On the other hand, many continue to advocate for compassionate policies for those fleeing conditions that most Europeans cannot even begin to imagine. But even the strongest commitments to welcoming refugees are overwhelmingly meant as acts of graciousness, and there is a clear distinction between givers and receivers: the selfless Europeans helping the pitiful refugees. Hardly anybody is thinking in terms of empowerment and the potential to bring positive change for both sides. Yet making these the basis of the debate leads to a picture very different from the one currently dominating the media and people’s minds.
This is not to say that hosting refugees does not incur costs on a society. In Europe, but much more in countries closer to regions of violent conflict, the influx of forced migrants puts a strain on budget and infrastructure. However, we need to change how we address these issues.
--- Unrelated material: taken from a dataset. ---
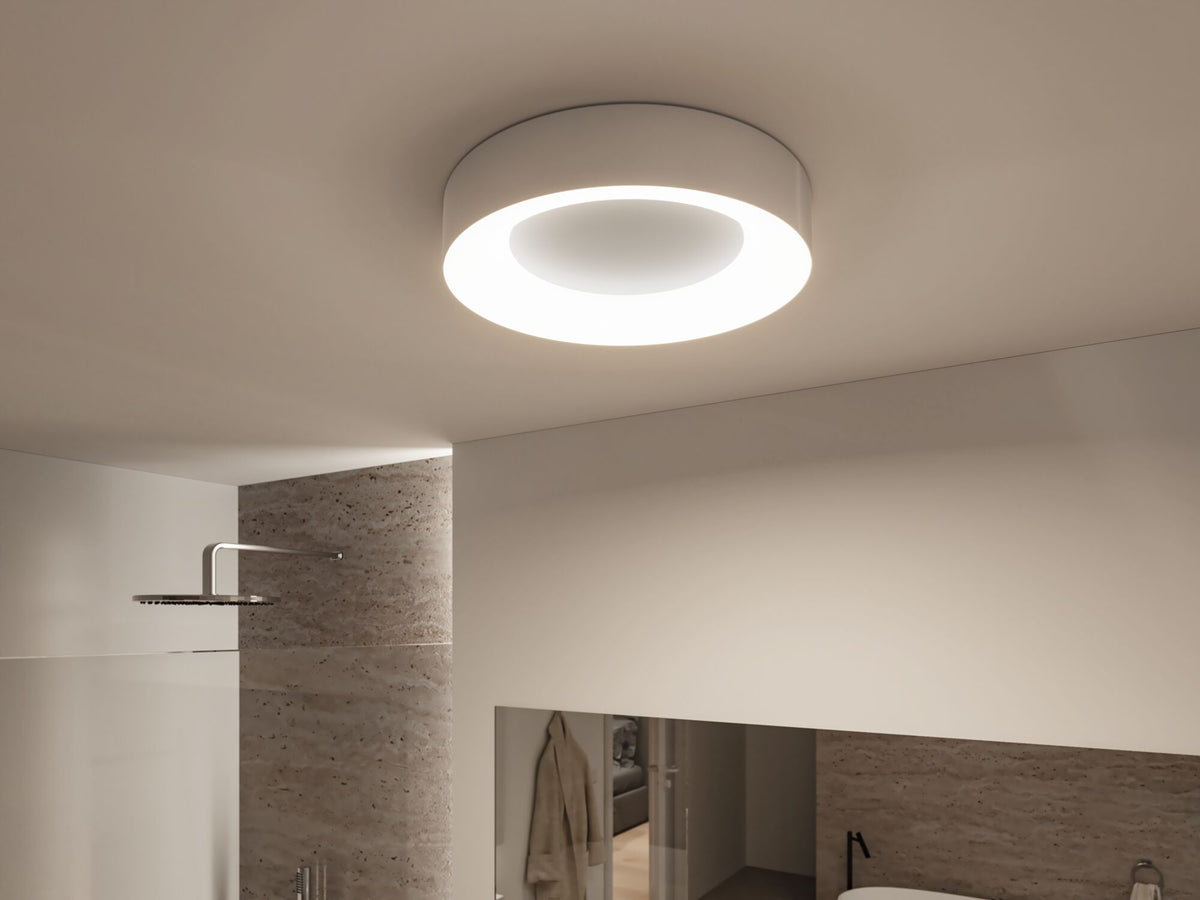 Paulmann LED Deckenleuchte Casca IP44  White Switch 2100lm 230V 23W  Alu matt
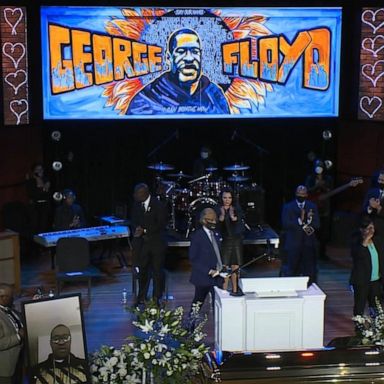 VIDEO: Mourners remember George Floyd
Rather than focus on limiting immigration, we should adapt current policies to the new situation. This will allow us to create a situation in which the protection of the physical integrity and dignity of those seeking asylum is ensured, while costs are kept to a minimum or even, in the long term, off-set by gains.
Thinking in terms of empowering individuals and utilizing their potential leads to a vision of refugees who are legally working and earning enough to support their families. This enables them to control their own lives, contribute to society, and thus helps to maintain or regain a sense of dignity. Immigrants enjoy the same protections against exploitation as nationals.
Work also helps make personal connections between immigrants and natives, facilitating mutual understanding and thus the peaceful coexistence of cultures. This benefits both communities rather than alienating the different groups from one another. In addition, host countries would save the money that they are currently spending on feeding and housing refugees that are not allowed to work, and would even gain tax revenue. The additional workforce would support economic growth and off-set the imbalances in the social support system that an aging society creates.
Of course reality is complicated and fundamental change does not happen overnight. But with realistic expectations and open-mindedness, willingness to address the real roots of domestic problems that are commonly mistakenly blamed on immigrants, it is possible to adapt legal and economic frameworks to make change for the better.
Most refugees will stay in a host country for extended periods of time, maybe even forever. Europe, with its “guest workers” in the second half of the 20th century, has already experienced how assuming migrants will only stay temporarily can lead to flawed integration. Refugees, as well as other immigrants, need to be allowed to maintain their cultural and religious identity. In accordance with the law, everybody should be able to follow whatever cultural practices they prefer. Integration does not mean assimilation, but requires efforts to understand each other from both sides. If the law does not reflect what a society defines as its non-negotiable “core values”, it can be changed. But expecting immigrants to adhere to extremely vague rules that nobody can specify is simply unfair. So is holding them to higher standards than the native population. Some immigrants will commit crimes, just as some natives do. But nationality or residence status should not determine how someone is judged for their actions, morally and legally.
Immigrants are often used as scapegoats for all kinds of problems societies face, from failing social security systems and unemployment to gender inequality and gender-based violence. It is necessary to explore and address the real roots of these problems. Politicians need to withstand the temptation to capitalize on existing fears and prejudice to gain votes. While it is of course necessary to listen to constituents, there is a difference between listening to concerns seriously, and fueling hate and prejudice. The latter hurts not only those who are labelled as “the other”, but also society as a whole as it creates division, hinders integration, and diverts attention from the real causes of problems.
Moreover, legal frameworks need to be adapted and the economy must be enabled to absorb the additional workforce. Residential permits need to be issued for time periods long enough to make learning a new language and skills worthwhile for the refugees, and for employers to hire and train them. Innovation is needed to efficiently deal with more technical questions including recognition of foreign education, cost-efficient and quality language learning opportunities to large numbers of people, and systems to efficiently match people with jobs. To avoid an increase in unemployment and a race to the bottom in social standards, investment to create new jobs and improvement of social protection for workers, such as minimum wages and protection against dismissal, are key.
These are not simple tasks. They imply challenging the dominant mindset, which is never easy. Deep-rooted resentment among the population against immigration in general, especially from majority Muslim countries, must be overcome. But Europe, one of the richest regions in the world, without a doubt has the resources to make the innovations necessary in order to create a win-win situation. This is the time to make a choice between affirming liberalism and human rights and building a strong framework to face the future on the one hand, and failing people in need, looking the other way and negating the realities of globalization on the other.